Come preannunciato dal Ministro della Salute durante l’allerta-horsegate, gli equidi avranno una loro “anagrafe sanitaria”. I dati di identificazione saranno immessi in una apposita sezione della Banca Dati Nazionale Zootecnica. Il Ministero della Salute ha rilevato la necessita’ di garantire una maggiore disponibilita’ dei dati anche ai fini dell’epidemiosorveglianza.
Lo prevede l’Ordinanza ministeriale 1 marzo 2013 Ordinanza contingibile e urgente in materia di identificazione sanitaria degli equidi, pubblicata sulla Gazzetta Ufficiale n.85 del 11-4-2013.
La Banca dati nazionale dell’anagrafe zootecnica del Ministero della salute, viene integrata da una sezione per l’identificazione degli equidi ai fini sanitari, “al fine di garantire la tutela della sanita’ e del benessere degli equidi, nonche’ i connessi aspetti di salute pubblica e sicurezza alimentare”.

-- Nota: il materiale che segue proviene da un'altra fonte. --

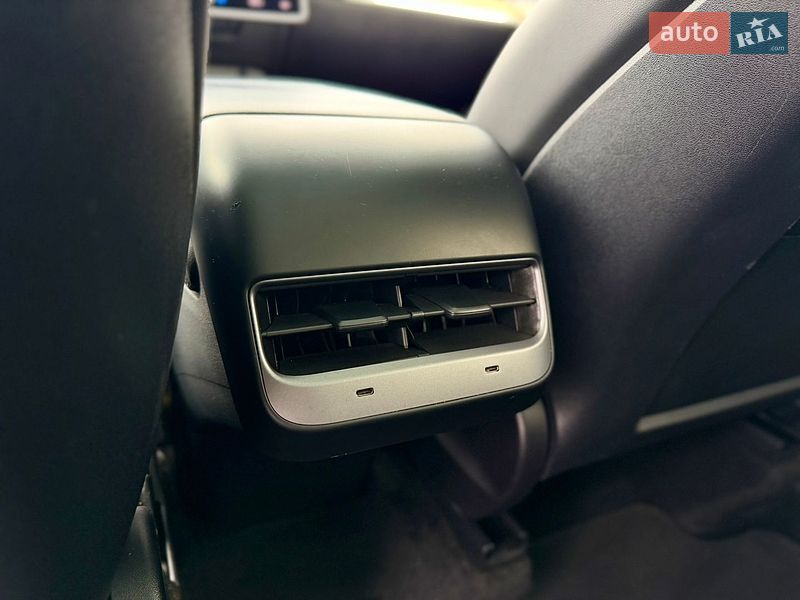 Внедорожник / Кроссовер Tesla Model Y 2023 в Луцке фото 39 Внедорожник / Кроссовер Tesla Model Y 2023 в Луцке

La sezione degli equidi “è aggiornata dai dati inseriti nella banca dati dell’anagrafe equina di cui alla legge 1° agosto 2003, n. 200, gestita temporaneamente dall’Associazione Italiana Allevatori (AIA), recuperati tramite meccanismo di cooperazione applicativa, e dalle informazioni che il Servizio veterinario dell’Azienda sanitaria locale competente per territorio ed i proprietari degli equidi sono tenuti a fornire alla sezione stessa, ai sensi della presente ordinanza”.


Il Ministero della Salute ha rilevato la necessita’ di garantire una maggiore disponibilita’ dei dati contenuti nell’anagrafe degli equidi ai fini dell’epidemiosorveglianza, anche alla luce delle recenti emergenze di carattere sanitario che hanno coinvolto la specie equina (anemia infettiva, West Nile disease, morbo coitale maligno), e di offrire le garanzie indispensabili per gestire correttamente dette emergenze”.


Alla base del provvedimento ministeriale c’è anche la raccomandazione della Commissione Europea del 19 febbraio 2013 (2013/99/UE) che ha previsto che ciascuno Stato membro attui un piano di controlli ufficiali sia sui prodotti alimentari commercializzati e/o etichettati come contenenti carni bovine, sia sulle carni equine per rilevare la presenza di residui di fenilbutazone.


La mancanza di identificazione, inoltre, espone gli equidi al concreto rischio di clandestinita’ sottraendoli ai controlli sanitari e di benessere animali con la possibilita’ di essere sottoposti a maltrattamenti.


Considerati tutti questi aspetti, si è reso  necessario e urgente ” rendere disponibili ai servizi veterinari ufficiali tutti i dati relativi all’identificazione delle aziende, degli allevamenti e degli equidi al fine di consentire la tutela della sanita’ e del benessere degli equidi, nonche’ dei connessi aspetti di salute pubblica e sicurezza alimentare”.


Le nuove norme sono in vigore da oggi e saranno vigenti per 12 mesi.